TAR Sicilia, sez. I, 5 novembre 2007 n. 2511 in tema di requisiti necessari per il legittimo ricorso al modello della «società mista».

05.11.2007

Devono condividersi le conclusioni cui è giunto il Consiglio di Stato (Consiglio di Stato, Sez.II  – parere n. 456/07 del 18/04/2007) in ordine alle condizioni di compatibilità con il sistema comunitario dell’istituto della “società mista”.

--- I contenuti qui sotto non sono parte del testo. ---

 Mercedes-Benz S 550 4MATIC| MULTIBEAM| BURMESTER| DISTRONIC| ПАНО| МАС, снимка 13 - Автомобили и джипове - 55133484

Tale compatibilità può essere rinvenuta, alla stregua dei principi espressi, direttamente o indirettamente, dalla Corte di giustizia, almeno nel caso in cui, avendo riguardo alla sostanza dei rapporti giuridico-economici tra soggetto pubblico e privato, «non si possa configurare un “affidamento diretto” alla società mista ma piuttosto un “affidamento con procedura di evidenza pubblica” dell’attività “operativa” della società mista al partner privato, tramite la stessa gara volta alla individuazione di quest’ultimo (C.d.S. Sez.II, parere 456/07)». Occorre quindi che il socio privato sia identificabile quale “socio di lavoro” o socio industriale, assumendo in altri termini, e per un periodo limitato, un ruolo meramente operativo e non anche finanziario.
Tali considerazioni – osservano i Giudici del TAR Sicilia – inducono a dover disattendere l’orientamento espresso dal Consiglio di Giustizia Amministrativa della Regione Siciliana con la decisione 27 ottobre 2006 n. 589 secondo la quale, malgrado l’espletamento della gara per la scelta del socio, si dovrebbe comunque procedere ad un’ulteriore gara per il conferimento del servizio.
La “doppia gara” (già ritenuta non necessaria dalla giurisprudenza prevalente, come riconosce lo stesso C.G.A. nella propria motivazione) non costituisce ex ante una garanzia per il rispetto della normativa comunitaria in tema di concorrenza, posto che, come rilevato anche dal C.d.S. nel citato parere 456/07, «sembrano comunque ravvisarsi elementi di conflitto di interessi e di distorsione del mercato, senza risolvere la pretesa “anomalia” della società mista ma anzi consentendole di conservare, nel confronto con le altre imprese “solo” private, la sua “situazione privilegiata” dell’essere partecipata dalla stessa amministrazione che indice l’appalto».
Il ricorso alla “società mista” – modello che comunque non è da considerarsi “ordinario” e che impone all’Amministrazione di motivare congruamente sulla sua necessità – «risulta compatibile con le previsioni comunitarie (quantomeno) nel caso in cui questa non costituisca, in sostanza, la beneficiaria di un affidamento diretto, ma la modalità organizzativa con la quale l’Amministrazione controlla l’affidamento disposto, con gara, al “socio operativo” della società».
Il modello “società mista” appare percorribile – posto che siano ravvisabili congrue ragioni per non procedere ad un affidamento integrale esterno – in presenza di adeguate garanzie, ossia:
1) che vi sia una sostanziale equiparazione tra la gara per l’affidamento del servizio pubblico e la gara per la scelta del socio, in cui quest’ultimo si configuri come un “socio industriale od operativo”, che concorre materialmente allo svolgimento del servizio pubblico o di fasi dello stesso;
2) che si preveda un rinnovo della procedura di selezione “alla scadenza del periodo di affidamento” (in tal senso, soccorre già una lettura del comma 5, lett. b), dell’art. 113 t.u.e.l. in stretta connessione con il successivo comma 12), evitando così che il socio divenga “socio stabile” della società mista, possibilmente prevedendo che sin dagli atti di gara per la selezione del socio privato siano chiarite le modalità per l’uscita del socio stesso (con liquidazione della sua posizione), per il caso in cui all’esito della successiva gara egli risulti non più aggiudicatario.